Led by Carolyn Wade, lecturer and research fellow at Griffith University, the study drew on 12 interviews with Queensland school leaders to unveil the ‘profound emotional and moral injury’ they endure at the hands of an increasingly vocal and conflict-happy parent body.
With more than a decade in school leadership herself, Wade says she wanted to explore how parent engagement in schools can be a double-edged sword.
“While strong parent engagement relates to a range of positive outcomes, I had seen how engagement could just as easily become a source of stress and conflict and potentially professional exhaustion for school leaders.
“But the assumption that parent engagement is inherently good is rarely questioned and policies are built around maximising parental involvement – yet little attention is given to how this engagement is experienced by those who are expected to lead it, and navigate it and manage it,” she told EducationHQ.
Ethical dilemmas
Wade says principals in the study reported feeling caught between competing demands from parents, policy directives and the practical realities of running a school.
One of the most striking findings was the profound moral and ethical quandaries that school leaders faced with parents.
“[Participants] found themselves in situations where they had to decide between making exceptions for individual students, often at the insistence of vocal parents, or maintaining policies that ensured fairness across the school community,” Wade explains.
This tension was especially fraught in high SES school communities, where parents’ expectations of ‘personalised treatment’ were tied to a consumer-driven view of their child’s schooling, the expert notes.
Broken boundaries
Professional boundaries were also regularly tested by parents, Wade flags.
“So many school leaders reported feeling pressure to be constantly available to parents – responding to late night emails, engaging in conflict resolutions, far beyond reasonable work hours, and managing hostility without clear systemic support.”
The blurring of work/life realms left leaders feeling ‘emotionally depleted’ and ‘professionally vulnerable’, Wade adds.
But the challenges didn’t end there for Wade’s subjects.
Systemic constraints, when combined with parent pressure, were also a great source of ‘ethical stress’ for school leaders, the study revealed.
“Leaders encountered scenarios where they knew what was best for a student but were constrained by policy, funding limitations, or legal obligations.
“And this created a sense of ethical stress, where leaders were forced to navigate conflicts between their professional judgment and bureaucratic mandates,” Wade shares.
In a number of cases, for example, school leaders reported that parents leveraged legal complaints to push them into making policy exemptions for their children.
“One principal recalls an incident where a parent threatened to sue because their child wasn’t receiving the level of academic accommodations that they wanted, even though the school was following both departmental and national guidelines,” Wade says.
“But this fear of legal repercussions meant that the leader had to really carefully navigate the situation, balancing fairness to the broader school community, but also without risking reputational damage.”
The leader in question described the situation as akin to “walking a tightrope every say, knowing that no matter what decision I make, someone will be unhappy”.
A training blindspot
Wade was shocked to discover that not one of her participants had received training in how to best navigate parent engagement.
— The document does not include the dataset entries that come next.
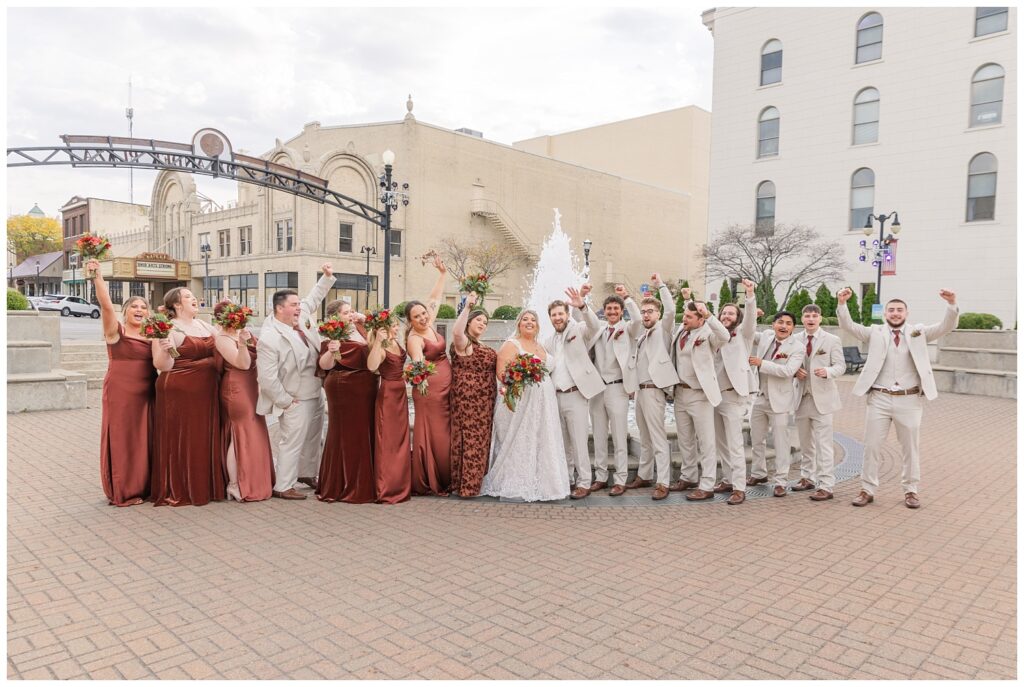 bride and groom posing together with party in front of the fountain in Sandusky, Ohio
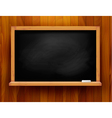 Blackboard on wooden background vector image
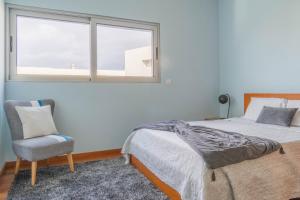 1 dormitorio con 1 cama, 1 silla y 1 ventana en Casa verde, en Ribeira Grande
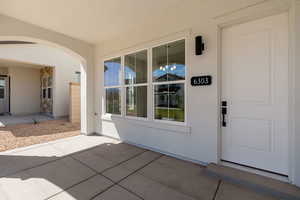 View of exterior entry with a patio and stucco siding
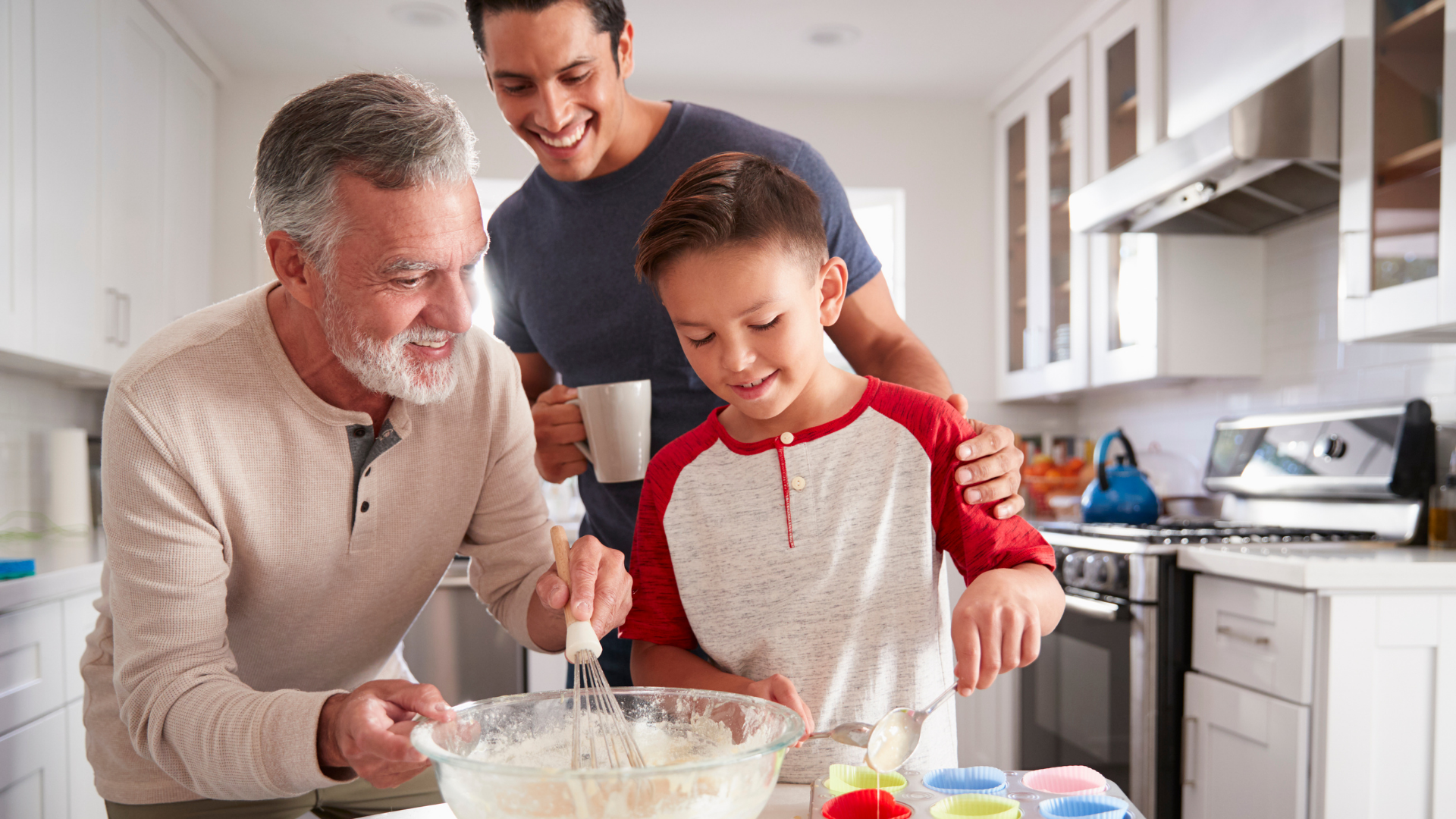 Father, son and grandad cooking together for Father's Day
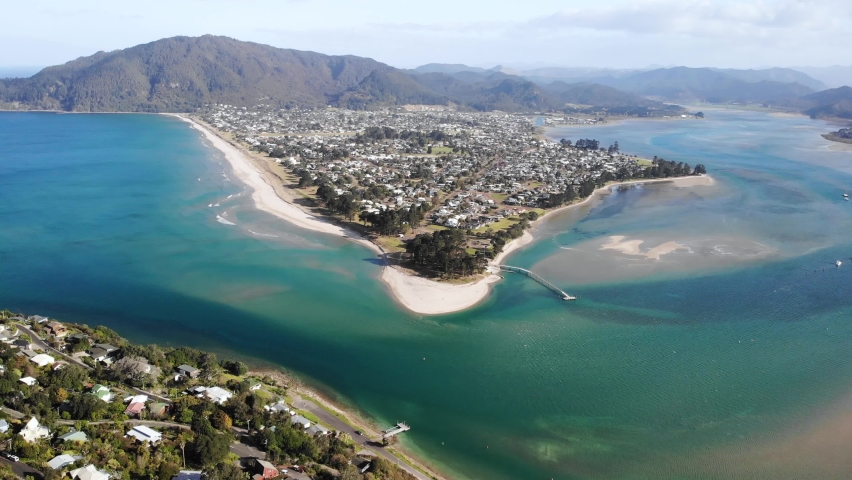 New Zealand Coastline. Aerial View of Beautiful Beach Resort Peninsula on Sunny Day. Pauanui, Coromandel, North Island, Drone Shot Royalty-Free Stock Footage #1073454713
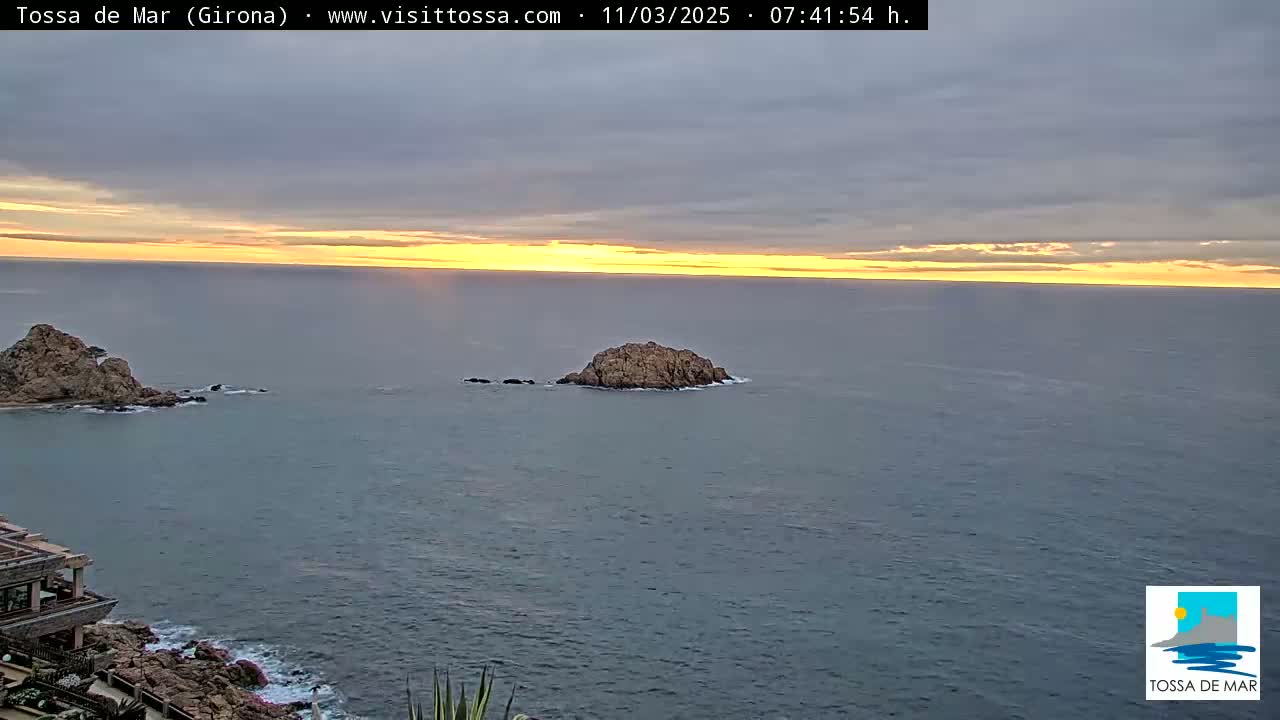 A sunrise over a calm ocean with two rocky islands and part of a building visible on the left.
She’s now calling for change on this front.
“And yet they were describing it taking up the most amount of their time in their working week,” she laments.
“If this is one of the most complex aspects of leadership, it needs to be explicitly taught with possibly training in conflict resolution or emotional resilience or even boundary setting.”
What’s often not acknowledged is how the small, incremental build up of stressful interactions and situations can wear down the morale of school leaders over time, Wade warns.
“It’s every email, it’s every demand, it’s every confrontation, it all is adding up. So that notion, ‘it’s like a death by a thousand cuts’, really speaks to these school leaders feeling like they have little control over both their professional decision-making and the moral and ethical decisions that they are making daily.”
As one principal put it:
“It’s just constant. Every day there’s another issue, another complaint, another demand. And it’s not just one parent; it’s multiple parents all with different expectations and agendas. It’s exhausting emotionally and physically. It feels like death by a thousand cuts.”
Cancel culture taking hold
The rise of cancel culture is really feeding the entire scene, Wade argues.
“I think a broader cultural shift towards public accountability and instant judgement has also shaped parent expectations.
“And cancel culture plays a key role in how disagreements, not just within society, but within schools, are unfolding.”
Now when parents are dissatisfied with an aspect of their child’s school, they are more likely to favour a public airing of their concerns, be that via social media, online petitions or even media outlets, where they demand immediate action, Wade notes.
“Instead of calling up and making an appointment and seeking to understand how and why something has played out in a school context, the parents, in regards to this study, are turning to public shaming or pressure tactics to force change.”
This is deeply troubling, the researcher says.
“It really worries me that there is no room for error in education anymore.
“And in this climate, parents feel empowered to challenge authority instantly, expect immediate resolution, often without regard for due process or the broader school policy.”